First unveiled during Art d’Egypt 2025, Nakhl emerges from a three-year process of research, material investigation, and conceptual reflection led by founders Alia and Tamara El Tanani. Rather than radically altering the chair’s recognisable form, the studio approached it with restraint and attentiveness, seeking to understand its lineage and latent potential. The palm chair, as they describe, is not static—it is a form that has endured through adaptation, shaped by generations of anonymous makers across the country.

At its core, the chair is a product of place. Constructed from locally sourced palm fronds, it reflects a long-standing relationship between environment, craft, and necessity. Lightweight, durable, and widely accessible, it is perhaps one of Egypt’s most democratic design objects—produced and used across regions, from the Nile Delta to Upper Egypt. Its lineage is often loosely traced to ancient Egyptian seating forms, yet its true authorship lies in collective memory, refined incrementally by craftspeople whose names remain undocumented but whose techniques persist.
Don Tanani’s own contribution to Nakhl exemplifies this philosophy of continuity. The studio preserves the chair’s essential structure, introducing subtle interventions—most notably sculptural oak elements that frame the base and armrests. These additions do not overpower the original form; instead, they extend it, creating a dialogue between raw organic material and refined craftsmanship. It is a gesture that signals respect rather than reinvention.

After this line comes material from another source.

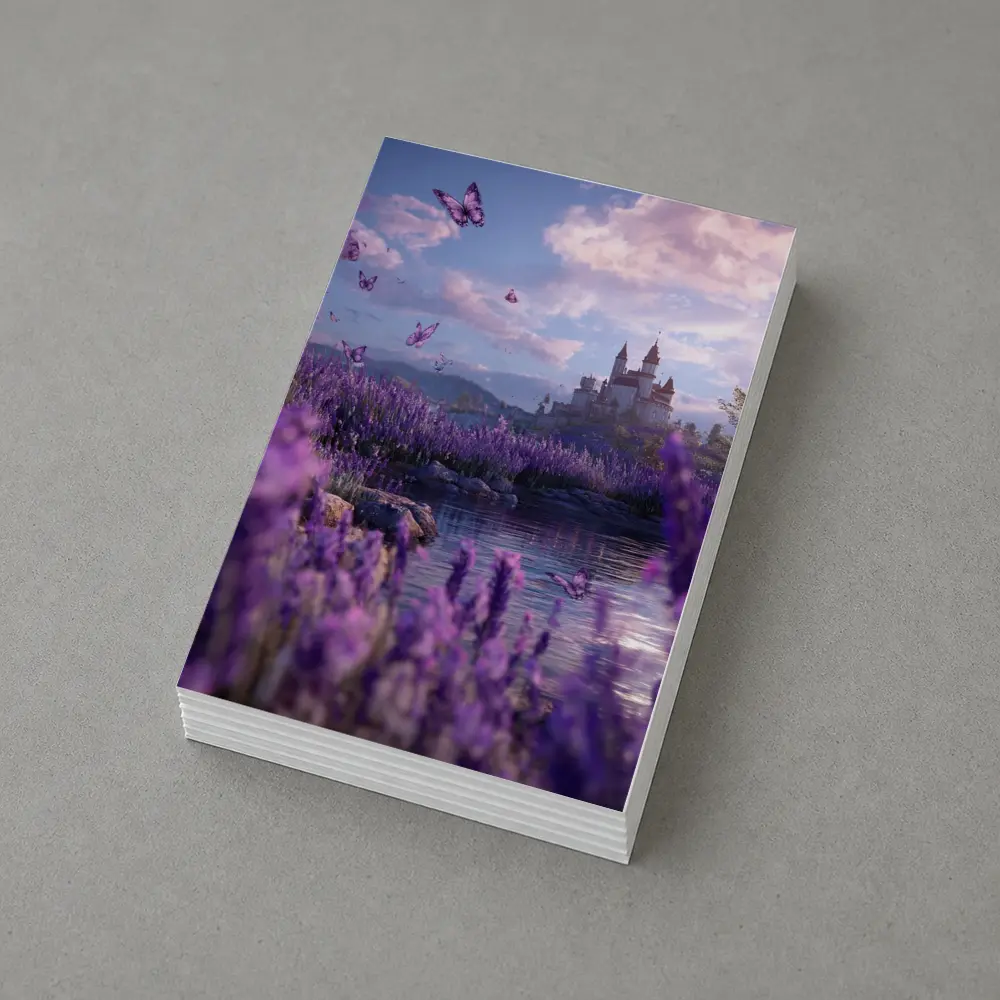 Lavender Fields Castle Butterflies Purple Fantasy – Postcards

What distinguishes Nakhl, however, is its collaborative framework. The collection unfolds as a series of what the studio terms “groves”—a constellation of eight Egyptian designers, artists, and studios invited to reinterpret the palm chair through their own disciplinary lenses. In doing so, the chair becomes a site of multiplicity, carrying divergent narratives while remaining anchored in a shared cultural vocabulary.
Among the contributors, Buro Doqi draws from agrarian symbolism, integrating oakwood structures with mother-of-pearl inlays and woven textiles that evoke Egypt’s layered material traditions. Design Point adopts a more experimental stance, draping the chair in cascading black leather strips that transform its silhouette into something both sculptural and theatrical.

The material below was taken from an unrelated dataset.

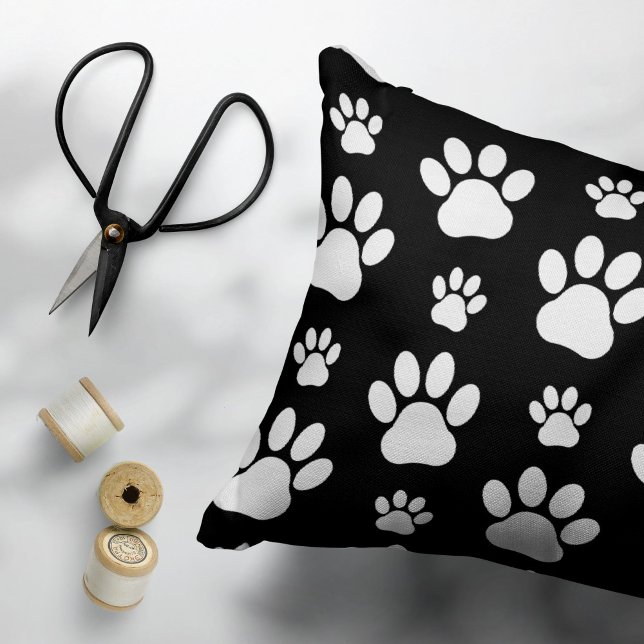 Housse D'oreillers Motif, Empreintes de pattes, pattes de chien, noir (Créateur téléchargé)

Nagada, known for its textile heritage, introduces handwoven cushions in earthy tones, grounding the piece in the tactile sensibilities of rural Egypt. Meanwhile, independent designer Nora Aly intervenes structurally, embedding Arabic calligraphy directly into the woven back—an act that merges language, craft, and form into a singular gesture.

Elsewhere, Rebel Cairo presents the Karima Chair, animated by vibrant kheyameya textiles that reference Egypt’s rich tradition of appliqué craftsmanship. Threads of Hope embraces maximalism, layering braided fabrics and cascading tassels that challenge the chair’s inherent minimalism.

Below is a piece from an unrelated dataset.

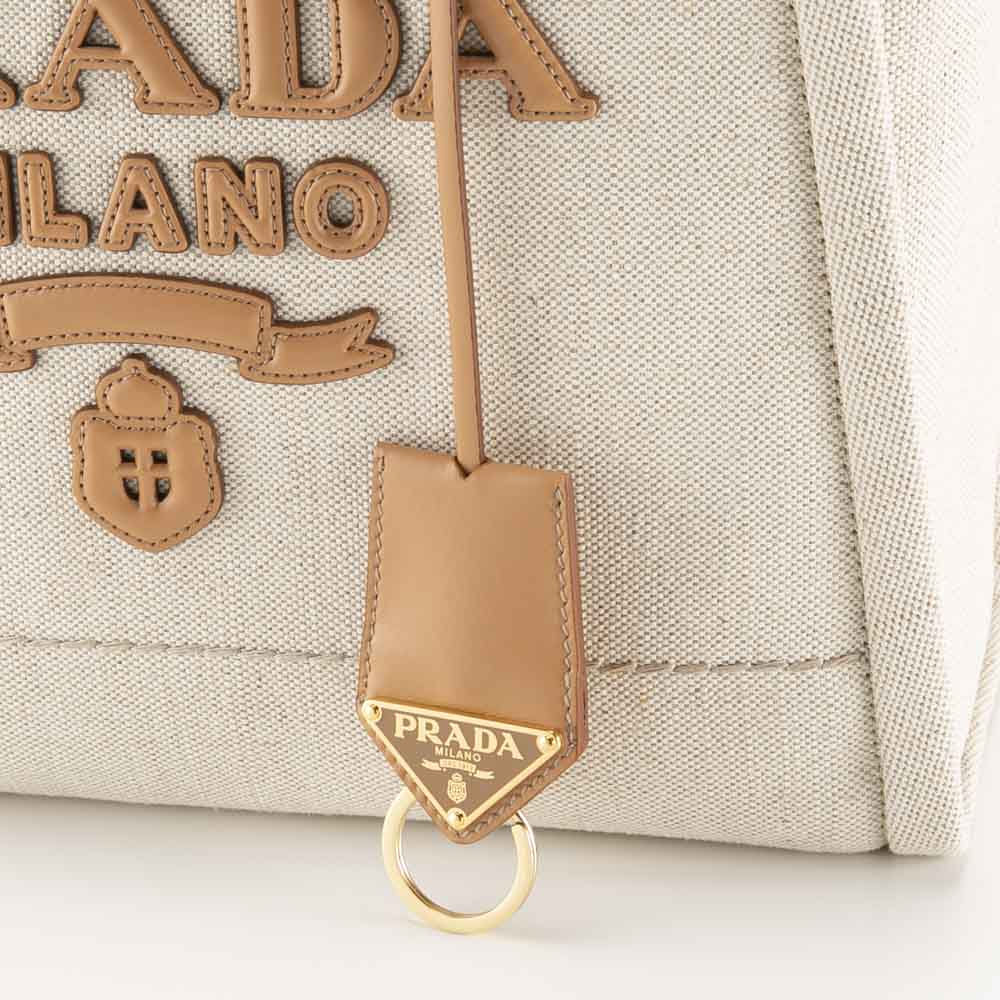 プラダ PRADA リネンブレンド+レザー LG トートバッグ 1BG474 2DLI OHO【FITHOUSE ONLINE SHOP】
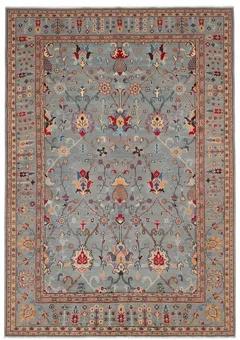 Tabriz Vase Floral Steel Blue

Designer Yasmine El Melegy introduces a striking intervention: a stainless-steel vine weaving through the chair’s structure, articulating a tension between agrarian heritage and industrial modernity. In contrast, Farah Abdel Hamid replaces the woven backrest entirely with a brass sculptural form, shaped by the imagined imprint of the seated body over time—an exploration of memory, ergonomics, and material permanence.
Across these varied interpretations, the palm chair is neither fixed nor fragmented. Instead, it operates as a connective thread—a familiar object that absorbs new meanings without relinquishing its origins. Each iteration becomes a proposition: that heritage is not something to be preserved in stasis, but something to be continually rearticulated.
The reception to Nakhl following its debut has underscored this resonance. Audiences have responded not only to the aesthetic diversity of the collection but to its underlying ethos—a refusal to treat tradition as either sacred or obsolete. In an era where global design often risks homogenisation, Don Tanani’s approach offers an alternative model: one rooted in locality, collaboration, and critical continuity.
Ultimately, Nakhl positions the Egyptian palm chair as more than an everyday object. It becomes an archive—of labour, of landscape, of collective authorship. And in the hands of a new generation of designers, it also becomes a future-facing platform, demonstrating how design can honour the past while remaining open to reinvention.